----- The records

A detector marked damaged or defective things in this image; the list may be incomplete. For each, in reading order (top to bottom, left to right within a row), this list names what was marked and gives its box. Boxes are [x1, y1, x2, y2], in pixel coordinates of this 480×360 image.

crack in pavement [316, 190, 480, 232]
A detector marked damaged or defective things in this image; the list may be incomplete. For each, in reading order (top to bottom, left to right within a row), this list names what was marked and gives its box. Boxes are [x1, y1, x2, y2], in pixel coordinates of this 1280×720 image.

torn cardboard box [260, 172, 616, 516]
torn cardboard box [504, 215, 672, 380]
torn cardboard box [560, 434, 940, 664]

----------
----- The records

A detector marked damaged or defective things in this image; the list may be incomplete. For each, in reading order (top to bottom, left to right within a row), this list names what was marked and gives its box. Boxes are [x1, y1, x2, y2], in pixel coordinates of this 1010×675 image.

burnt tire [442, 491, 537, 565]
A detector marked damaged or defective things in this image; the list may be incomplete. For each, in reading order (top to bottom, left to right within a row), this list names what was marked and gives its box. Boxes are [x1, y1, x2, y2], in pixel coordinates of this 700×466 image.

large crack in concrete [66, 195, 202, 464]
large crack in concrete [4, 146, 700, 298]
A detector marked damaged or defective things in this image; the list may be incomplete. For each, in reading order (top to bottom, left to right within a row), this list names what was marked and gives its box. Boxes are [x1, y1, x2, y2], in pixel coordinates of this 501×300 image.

----------

• Instructions for the task: Beginning at the line above with "this 700×466 image." and finishing at the line with "this 501×300 image.", return each line exactly and return nothing else.

• Solution for this problem:
A detector marked damaged or defective things in this image; the list may be incomplete. For each, in reading order (top to bottom, left to right within a row), this list names what was marked and gives its box. Boxes are [x1, y1, x2, y2], in pixel coordinates of this 700×466 image.

large crack in concrete [66, 195, 202, 464]
large crack in concrete [4, 146, 700, 298]
A detector marked damaged or defective things in this image; the list may be incomplete. For each, in reading order (top to bottom, left to right within a row), this list names what was marked and gives its box. Boxes are [x1, y1, x2, y2], in pixel coordinates of this 501×300 image.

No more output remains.